57. A non-transitory computer-readable storage medium storing instructions for managing a Packet Data Unit (PDU) session establishment in a network, the instructions comprising executable code which, when executed by one or more units of a system, causes: a first transceiver unit [102], at a first network function (NF) to: o receive, a PDU session establishment request for a User Equipment (UE); o transmit, from the first NF, to a second NF, a policy control create request comprising a set of attributes associated with the PDU session establishment request for the UE; a second processing unit [110], at the second NF, to: o determine, one of a presence and an absence of an existing policy session associated with the set of attributes for the UE; a second transceiver unit [108], at the second NF, to: o receive, maximum permitted policy sessions and a count of established policy sessions, associated with a subset of attributes from the set of attributes, in an event of the absence of the existing policy session; the second processing unit [110], at the second NF, to: o determine, whether the count of established policy sessions is one of below and equal to the maximum permitted policy sessions associated with the subset of attributes; and o accept, the PDU session establishment request for the UE, based on the determination that the count of established policy sessions is below the maximum permitted policy sessions; and a first processing unit [104], at the first NF, configured to: o process, one or more policy rules received from the second NF in response to accepting the policy control create request.

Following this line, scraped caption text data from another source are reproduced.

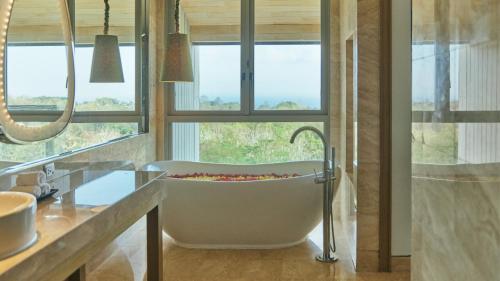 a bath tub in a bathroom with a window at RIMBA by AYANA Bali in Jimbaran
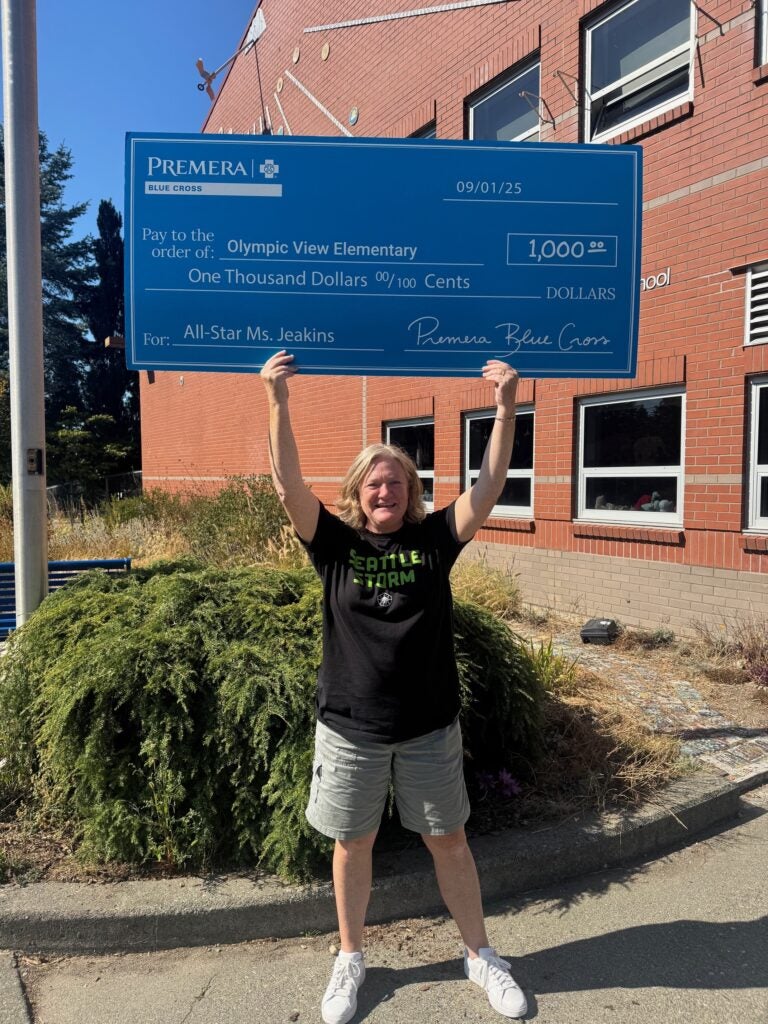 Jill Jeakins in front of Olympic View with a $1000 check from Premera and the Seattle Storm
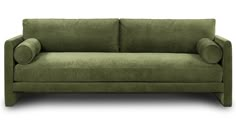 a green couch sitting on top of a white floor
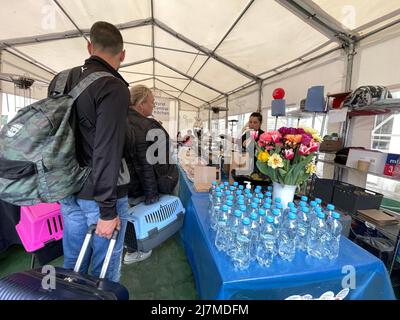 May 9, 2022, PrzemyÅ›l, Poland: PrzemyÅ›l Glowny ''” Main train station ''” May 9, 2022: Ukrainian refugees arrive with pets in carriers and luggage to eat and rest at the World Central Kitchen tent. A bouquet of flowers towards the entrance add a sweet and welcoming touch on Mother's day. (Credit Image: © Amy Katz/ZUMA Press Wire) Stock Photo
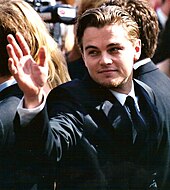 Leonardo DiCaprio is rising his hand.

58. A non-transitory computer-readable storage medium storing instructions for managing a Packet Data Unit (PDU) session establishment in a network, the instructions comprising executable code which, when executed by one or more units of a system, causes: a first transceiver unit [102] at a first NF, to: o receive a PDU session establishment request for a User Equipment (UE); o connect to a second NF to process the PDU session establishment request from the UE; o transmit, to the second NF, a policy control create request comprising a set of attributes associated with the PDU session establishment request for the UE; a second processing unit [110] at the second NF, to: o determine one of a presence and an absence of an existing policy association associated with the set of attributes for the UE; o identify a first timestamp associated with the existing policy association, based on determining the presence of the existing policy association; o identify a second timestamp associated with the policy control create request; and o compare the first timestamp with the second timestamp. o accept the policy control create request based on the comparison of the first timestamp with the second timestamp; and a first processing unit [104] at the first NF, to: o process one or more policy rules received from the second NF in response to accepting the policy control create request.